PROBLEM TO SOLVE -
Wherever a picture appears, skip it and retype the rest of the data exactly.

SOURCE MATERIAL -
◇ ◇ ◇
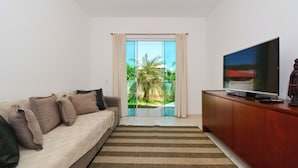 A living room with a sofa, TV, and a view through a glass door to an outdoor area. - Casa com Piscina a 250m da Praia PLH006 (Palhoça)
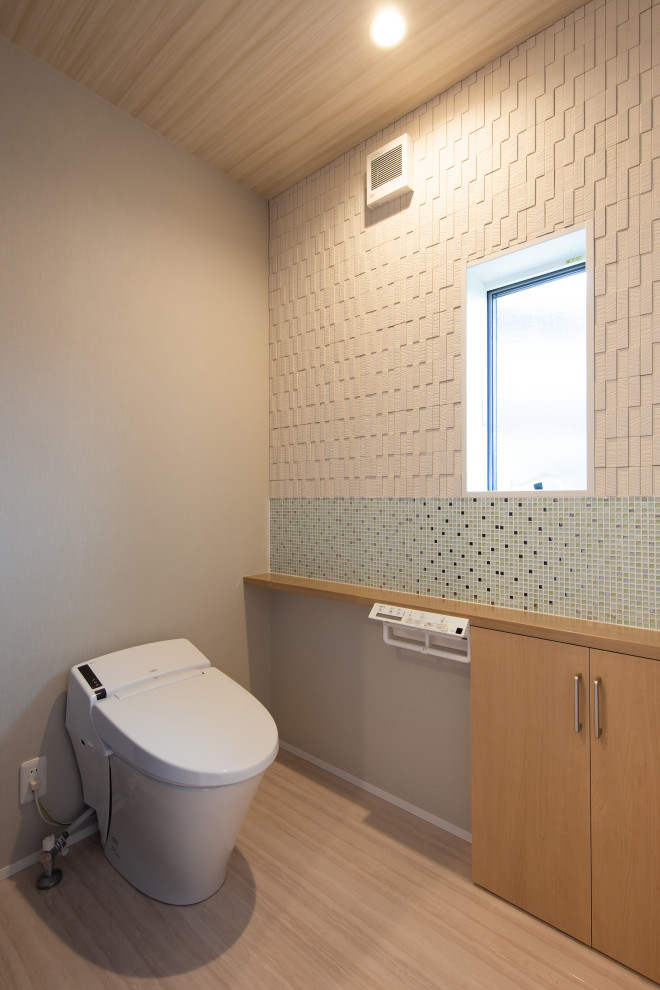 This is an example of a small modern powder room in Other with a one-piece toilet, green tile, glass tile, beige walls, vinyl floors, beige floor, beige benchtops, wallpaper and wallpaper.
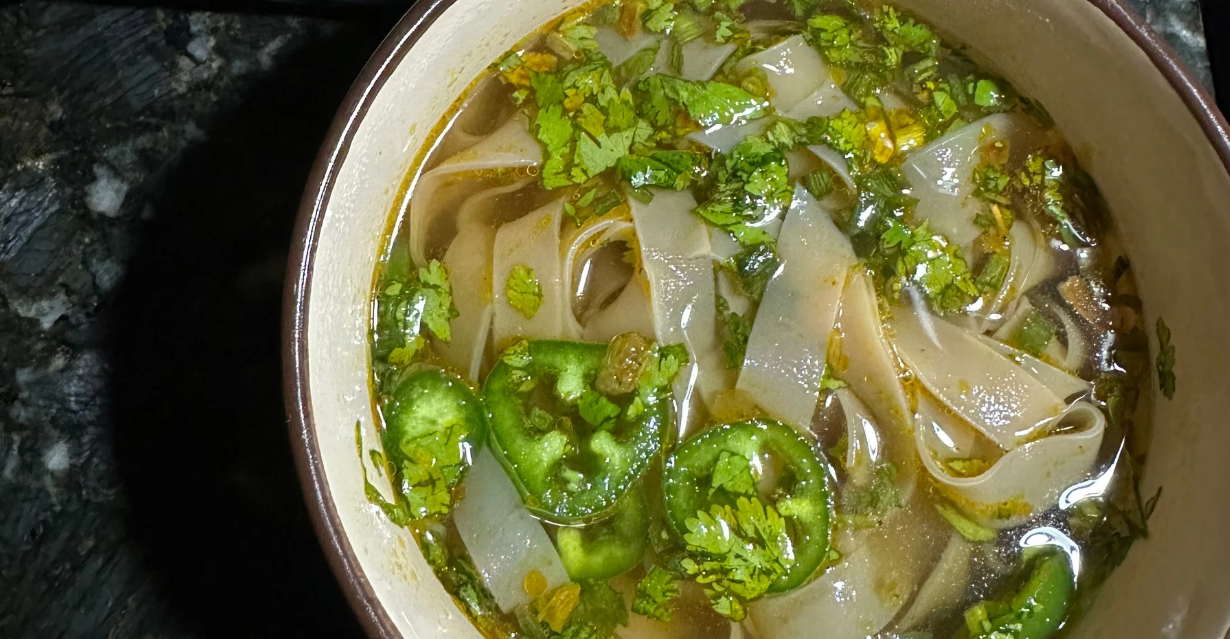 (Bowl of pho with wide rice noodles, sliced jalapeños, chopped cilantro, and a clear, golden broth served in a ceramic bowl on a dark countertop.)

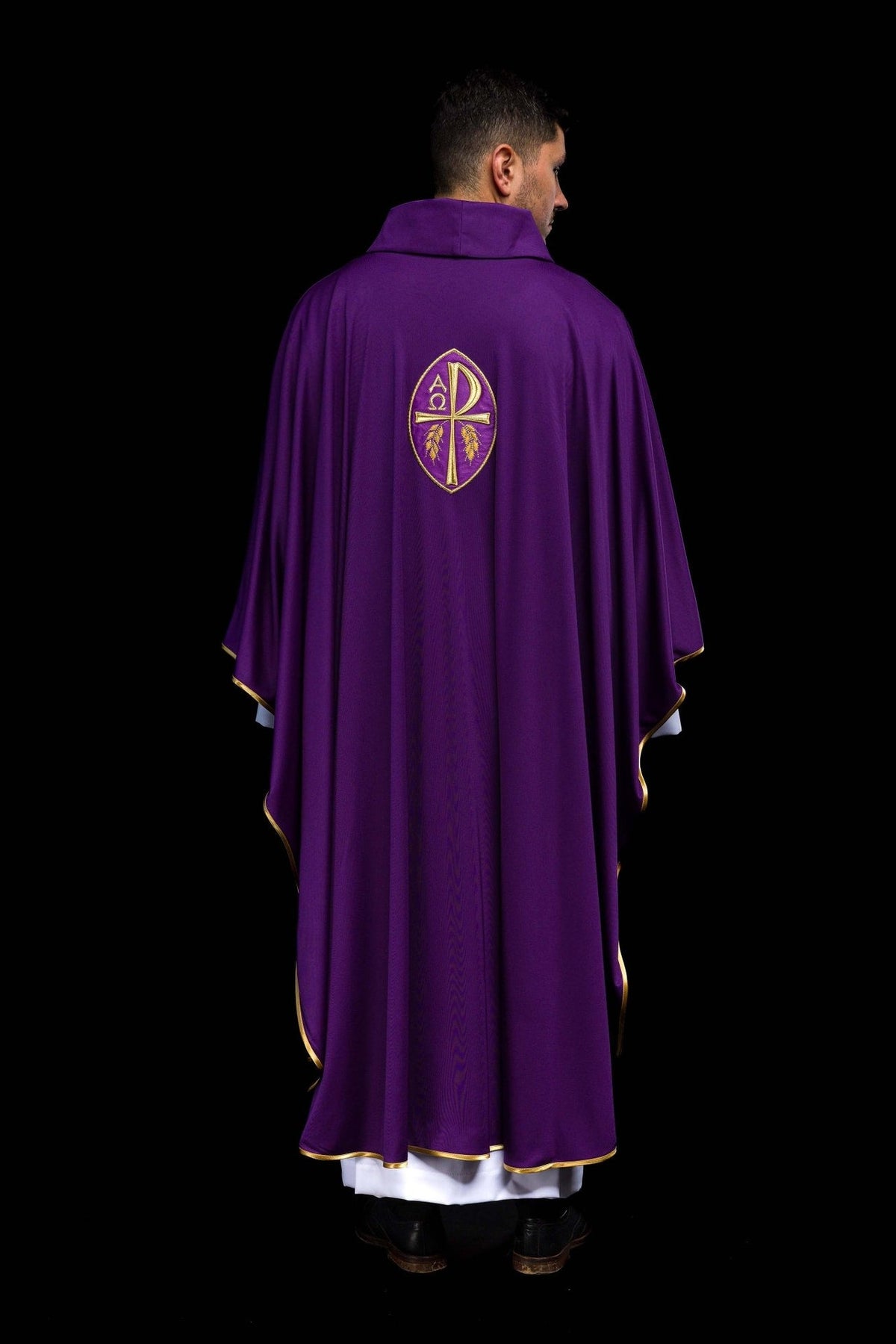 Purple embroidered chasuble, back view with gold cross embroidery and trim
◇ ◇ ◇
ANSWER TO THIS TASK -
 A living room with a sofa, TV, and a view through a glass door to an outdoor area. - Casa com Piscina a 250m da Praia PLH006 (Palhoça)
 This is an example of a small modern powder room in Other with a one-piece toilet, green tile, glass tile, beige walls, vinyl floors, beige floor, beige benchtops, wallpaper and wallpaper.
 (Bowl of pho with wide rice noodles, sliced jalapeños, chopped cilantro, and a clear, golden broth served in a ceramic bowl on a dark countertop.)

 Purple embroidered chasuble, back view with gold cross embroidery and trim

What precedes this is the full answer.